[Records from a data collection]
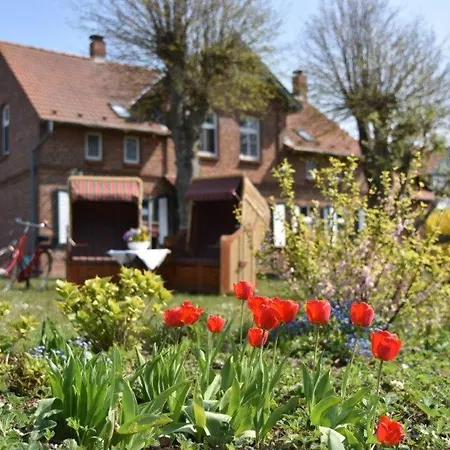 Hotel/pension Bradhering Ahrenshoop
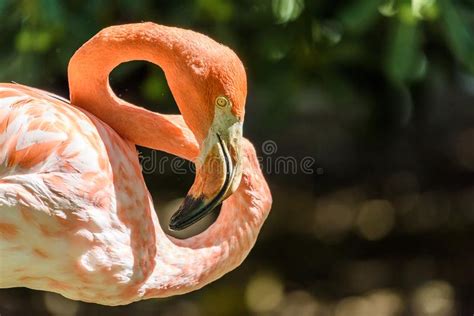 Pink Flamingo Bird Portrait Stock Image - Image of long, neck: 106115297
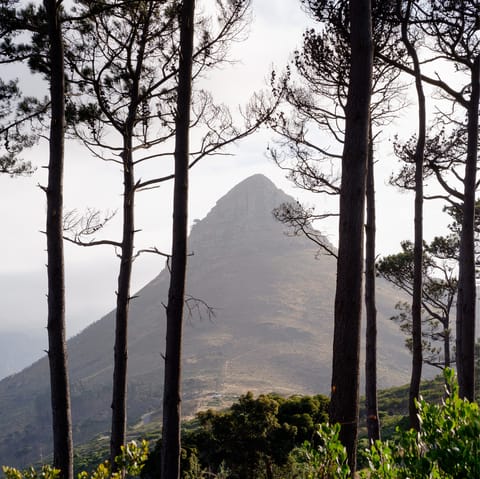 Stretch your legs at Signal Hill – the nearest entrance is just a short drive from home
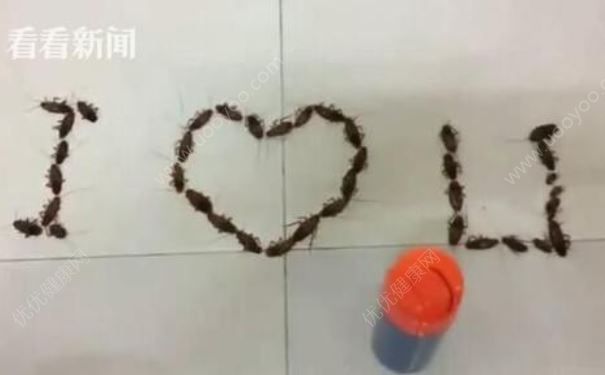 男生用38只蟑螂拼成“I love U”告白，蟑螂的危害有哪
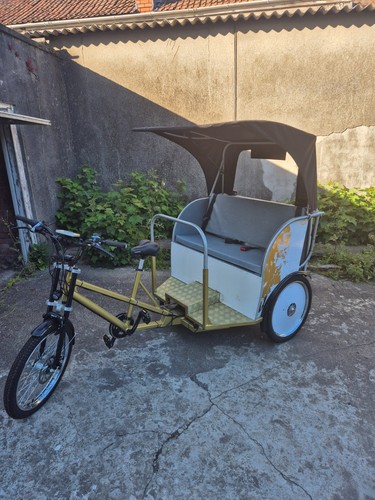 Maxpro ecotaxi - maxpro,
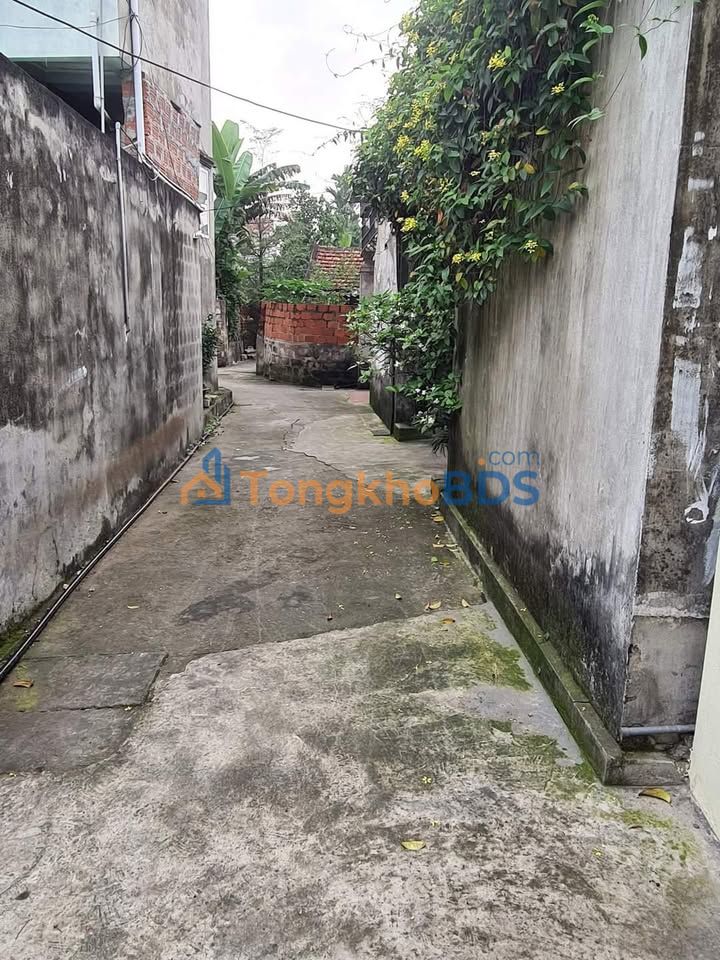 Bán Đất Thổ Cư Hoa Động 116.9m² - Sổ Đỏ Lâu Dài, Giá 1.25 Tỷ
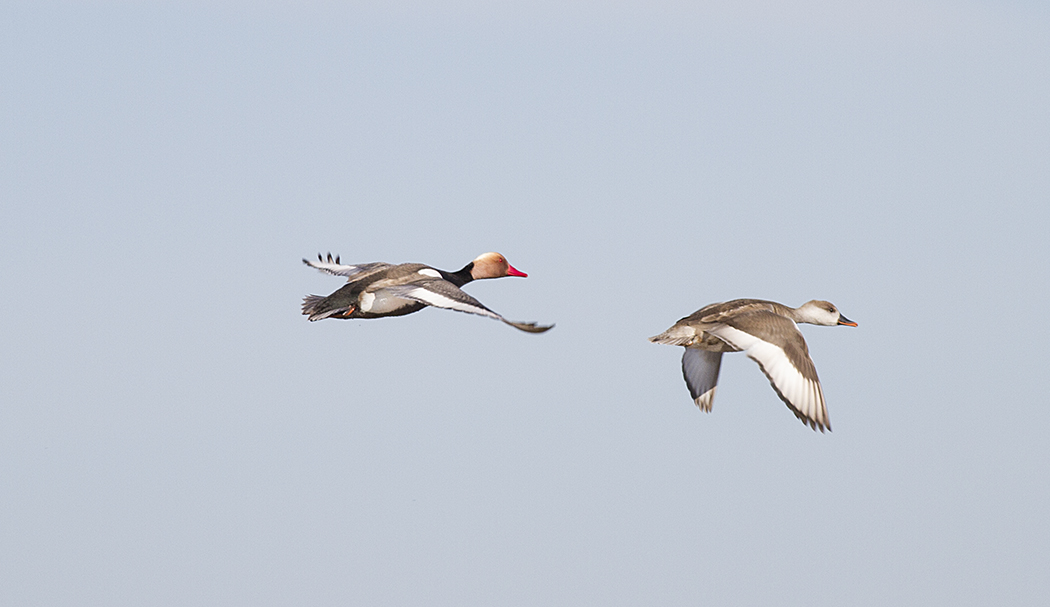 Red-crested Pochard
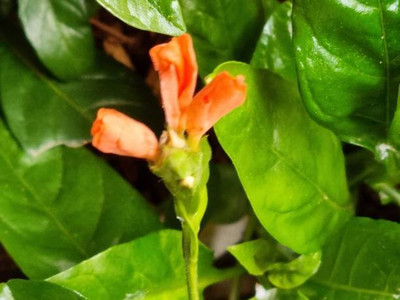 usdeepar retrail kanakambaram-firecracker-crossandra Seed(37 per packet)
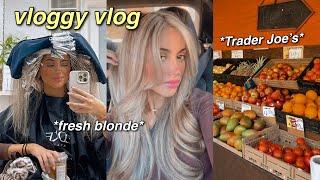VLOG: getting my hair done, Trader Joe's, and unboxing pr | Samantha Nicole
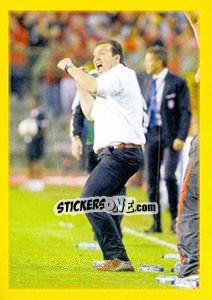 Sticker Marc Wilmots - Belgian Red Devils 2014 n. 43 - Panini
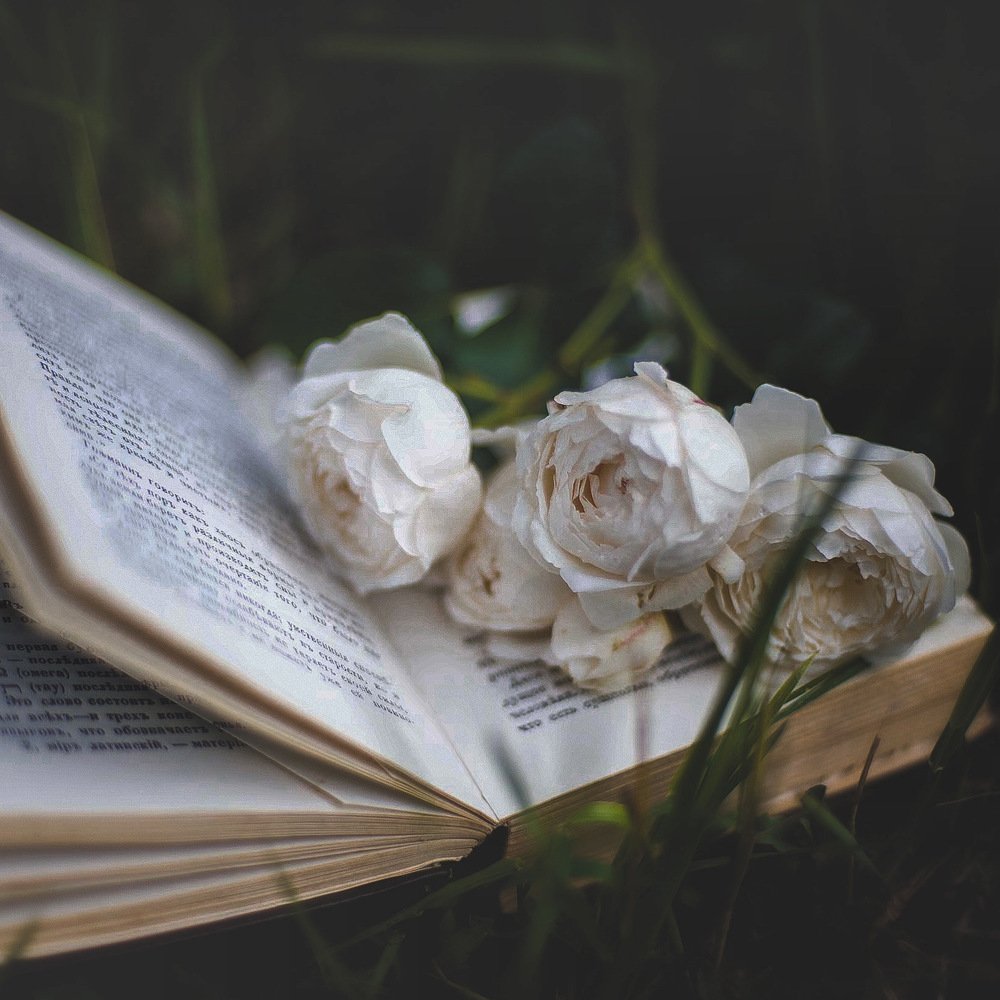 Photograph by Вера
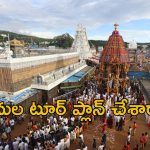 Tirumala: దసరాకు తిరుమల వెళ్తున్నారా.. దర్శనం టికెట్ లేకున్నా.. ఇలా చేస్తే శ్రీవారిని దర్శించవచ్చు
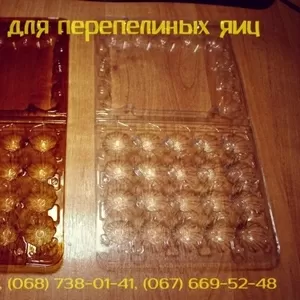 Профессиональная,  качественная упаковка для перепелиных яиц в Украине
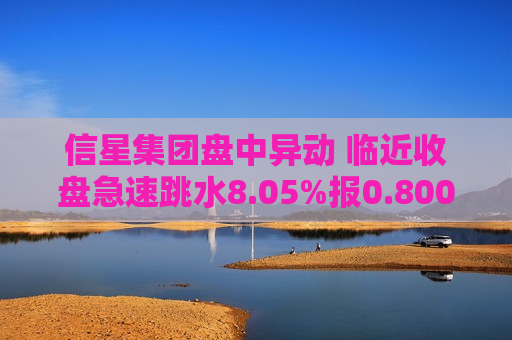 信星集团盘中异动 临近收盘急速跳水8.05%报0.800港元  第1张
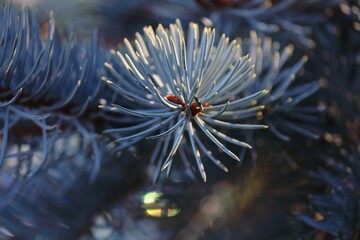 A fluffy branch of a blue spruce with bright needles glowing in the sunlight close-up outdoors in a sun glare. New Year card. Christmas background.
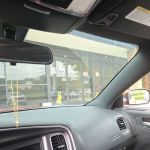 Alabama Veterinary Allergy and Dermatology Service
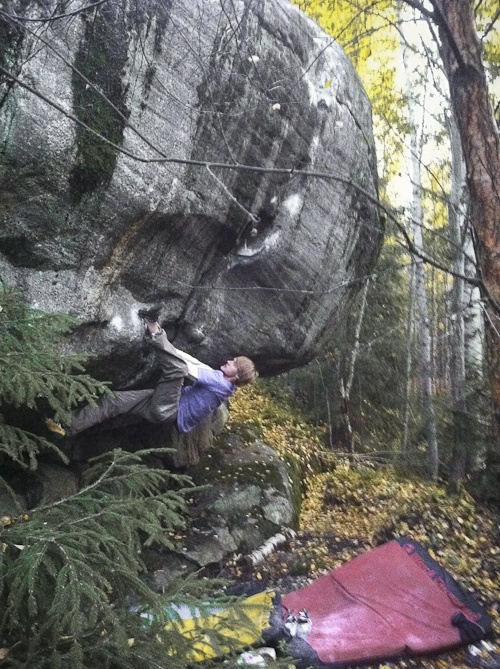 Nalle Elephant 8B+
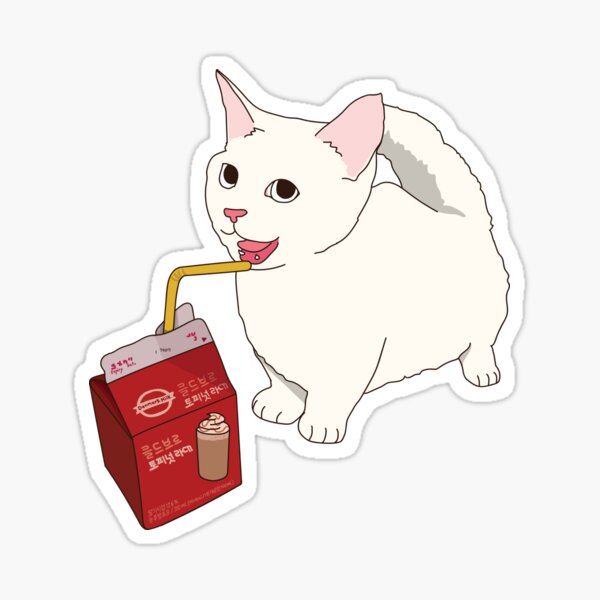 Cat drinking meme Sticker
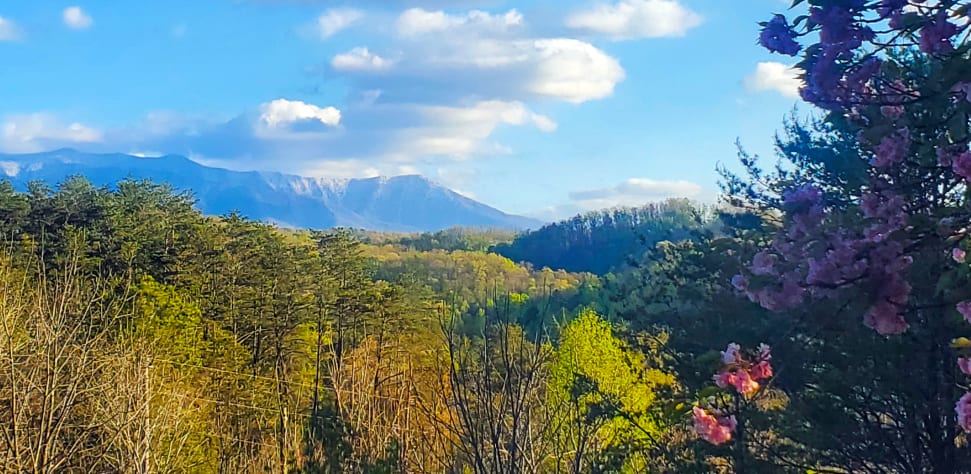 Gatlinburg, Tennessee Cabin Rental - Gallery Image #2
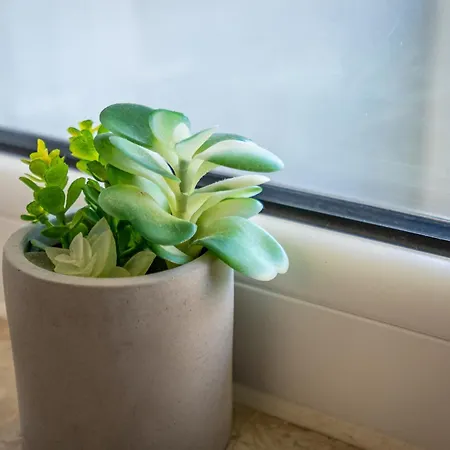 Torralta 204 Апартаменты Алвор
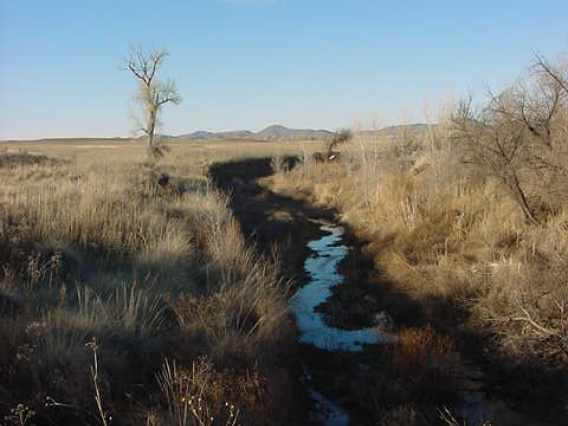 Jean Rodine photo showing a creek that slices through some grasslands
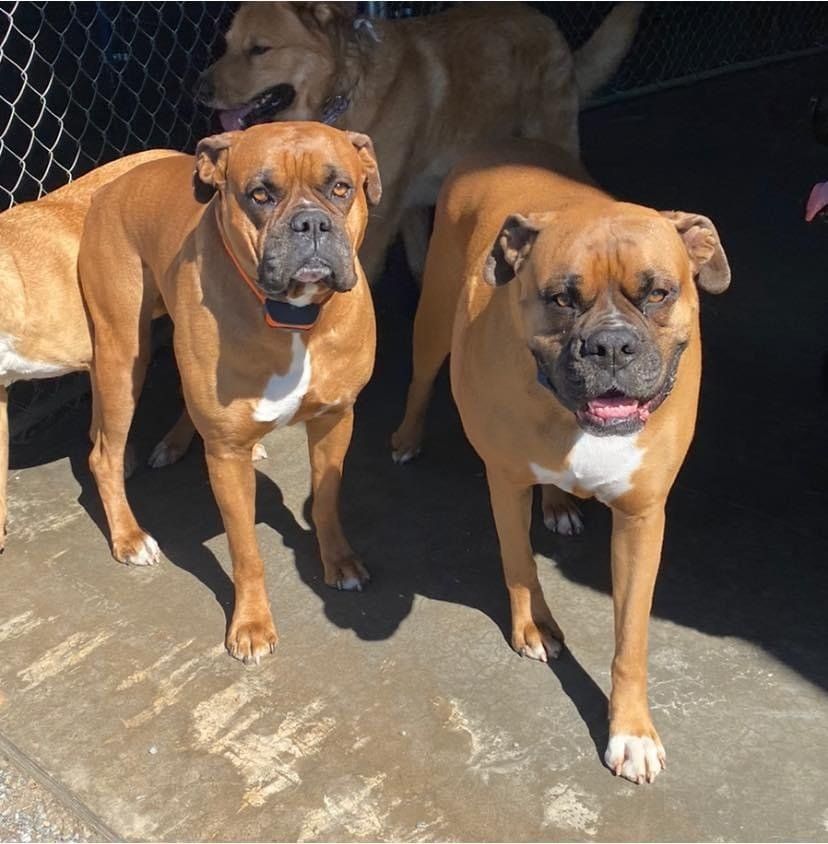 Dog Gallery Hickory, NC Kanupp Kennels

## Problem
Only the lines from the one containing "Torralta 204 Апартаменты Алвор" through the end of the data above are to be output, exactly and without pictures.

## Solution to the problem
 Torralta 204 Апартаменты Алвор
 Jean Rodine photo showing a creek that slices through some grasslands
 Dog Gallery Hickory, NC Kanupp Kennels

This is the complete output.